When I get fed up standing in the kitchen waiting for birds to arrive I can watch the video feed. The still camera in the kitchen is fitted with a wireless shutter control so when I see a bird arrive I can operate the camera remotely from the living room. That way I might catch the rarer or shy visitors which don't come if they can see activity through the kitchen window.
I have been adding to my small collection of orchids now I have found which seem to be happy in the conditions I can provide. Recently received was another Phalaenopsis orchid.
Unfortunately part of the flower stem broke in transit:
There is just one bloom left on the plant but it may produce some more as there are 'buds' along the spike which sometimes produce new flowers.

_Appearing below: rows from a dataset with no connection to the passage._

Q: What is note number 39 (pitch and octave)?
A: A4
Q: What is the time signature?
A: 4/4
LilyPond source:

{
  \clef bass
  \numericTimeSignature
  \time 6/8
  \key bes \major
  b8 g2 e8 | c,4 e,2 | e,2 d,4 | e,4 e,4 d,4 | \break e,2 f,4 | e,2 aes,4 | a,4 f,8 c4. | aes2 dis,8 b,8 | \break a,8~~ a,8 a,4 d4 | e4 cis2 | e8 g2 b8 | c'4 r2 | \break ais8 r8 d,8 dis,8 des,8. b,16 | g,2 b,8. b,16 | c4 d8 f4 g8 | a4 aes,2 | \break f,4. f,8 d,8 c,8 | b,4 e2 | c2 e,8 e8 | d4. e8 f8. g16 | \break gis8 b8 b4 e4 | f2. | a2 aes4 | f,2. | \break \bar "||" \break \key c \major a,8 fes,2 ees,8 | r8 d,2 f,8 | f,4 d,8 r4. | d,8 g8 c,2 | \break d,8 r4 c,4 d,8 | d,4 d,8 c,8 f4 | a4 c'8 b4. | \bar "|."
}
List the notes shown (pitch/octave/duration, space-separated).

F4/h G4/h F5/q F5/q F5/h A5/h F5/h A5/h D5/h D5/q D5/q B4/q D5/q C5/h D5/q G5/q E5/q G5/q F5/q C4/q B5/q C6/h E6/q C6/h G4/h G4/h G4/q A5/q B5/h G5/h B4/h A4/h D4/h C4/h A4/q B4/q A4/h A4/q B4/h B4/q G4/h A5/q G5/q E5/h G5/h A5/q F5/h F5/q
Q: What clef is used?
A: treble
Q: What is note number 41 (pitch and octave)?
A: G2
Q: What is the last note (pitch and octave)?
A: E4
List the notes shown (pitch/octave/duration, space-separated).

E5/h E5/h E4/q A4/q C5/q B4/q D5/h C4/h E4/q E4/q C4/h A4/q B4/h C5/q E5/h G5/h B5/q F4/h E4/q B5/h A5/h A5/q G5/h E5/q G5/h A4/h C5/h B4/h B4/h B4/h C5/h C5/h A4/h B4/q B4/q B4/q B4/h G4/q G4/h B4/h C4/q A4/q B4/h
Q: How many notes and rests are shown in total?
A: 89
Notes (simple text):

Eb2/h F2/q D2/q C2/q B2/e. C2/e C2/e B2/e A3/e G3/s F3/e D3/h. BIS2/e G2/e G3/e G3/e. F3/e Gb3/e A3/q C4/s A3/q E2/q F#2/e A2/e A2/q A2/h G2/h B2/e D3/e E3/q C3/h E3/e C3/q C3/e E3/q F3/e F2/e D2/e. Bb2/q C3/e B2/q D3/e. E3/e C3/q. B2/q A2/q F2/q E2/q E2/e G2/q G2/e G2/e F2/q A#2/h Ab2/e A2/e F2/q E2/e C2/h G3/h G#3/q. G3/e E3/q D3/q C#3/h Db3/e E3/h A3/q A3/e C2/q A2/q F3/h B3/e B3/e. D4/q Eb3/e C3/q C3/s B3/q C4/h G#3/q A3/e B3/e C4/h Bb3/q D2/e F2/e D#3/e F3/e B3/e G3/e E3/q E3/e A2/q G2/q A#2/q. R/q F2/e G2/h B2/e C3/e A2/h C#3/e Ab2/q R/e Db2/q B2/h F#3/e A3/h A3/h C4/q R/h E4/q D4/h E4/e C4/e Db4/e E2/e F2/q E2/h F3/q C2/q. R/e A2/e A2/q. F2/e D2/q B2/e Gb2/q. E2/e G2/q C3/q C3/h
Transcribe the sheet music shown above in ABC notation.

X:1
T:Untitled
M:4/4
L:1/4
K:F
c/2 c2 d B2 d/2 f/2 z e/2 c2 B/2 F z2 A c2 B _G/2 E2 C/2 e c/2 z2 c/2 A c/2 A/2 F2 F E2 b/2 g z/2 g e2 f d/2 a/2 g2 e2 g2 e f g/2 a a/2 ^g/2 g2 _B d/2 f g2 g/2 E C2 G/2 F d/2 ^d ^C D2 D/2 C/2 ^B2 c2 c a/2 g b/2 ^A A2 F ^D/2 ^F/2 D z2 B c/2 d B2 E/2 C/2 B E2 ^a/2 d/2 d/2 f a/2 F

Also I have received a miniature Cymbidium which is in flower:
My original collection of Cymbidiums haven't flowered for about three years. Last Spring I split and repotted them. They are all showing new growths and one has rewarded me with a flower spike which will take several weeks before it is ready to show its flowers:
To finish off here is last week's weird photo alongside the original:
As well as distorting the photo to make a 'tiny planet' I added some atmospheric clouds.
It was in July last year when I wrote about the covers being erected over the village church roof as extensive repairs were about to begin. This morning I see they are finally being removed and the tons of scaffolding being dismantled:
That reminded me it was about time I had a look in the churchyard to see whether the Snowdrops and Winter Aconite had survived all the activity:
No problems there. In fact the Winter Aconite is looking better than it has for several years.
Sometimes bird seed gets under the seed tray on the bird table.
No problem for the Grey Squirrel:
As the daylight lengthens there are gradually more and more voices added to the dawn chorus. Yesterday it was a Song Thrush drowning out the chatter from the House Sparrows. This morning a Mistle Thrush could be heard in the distance.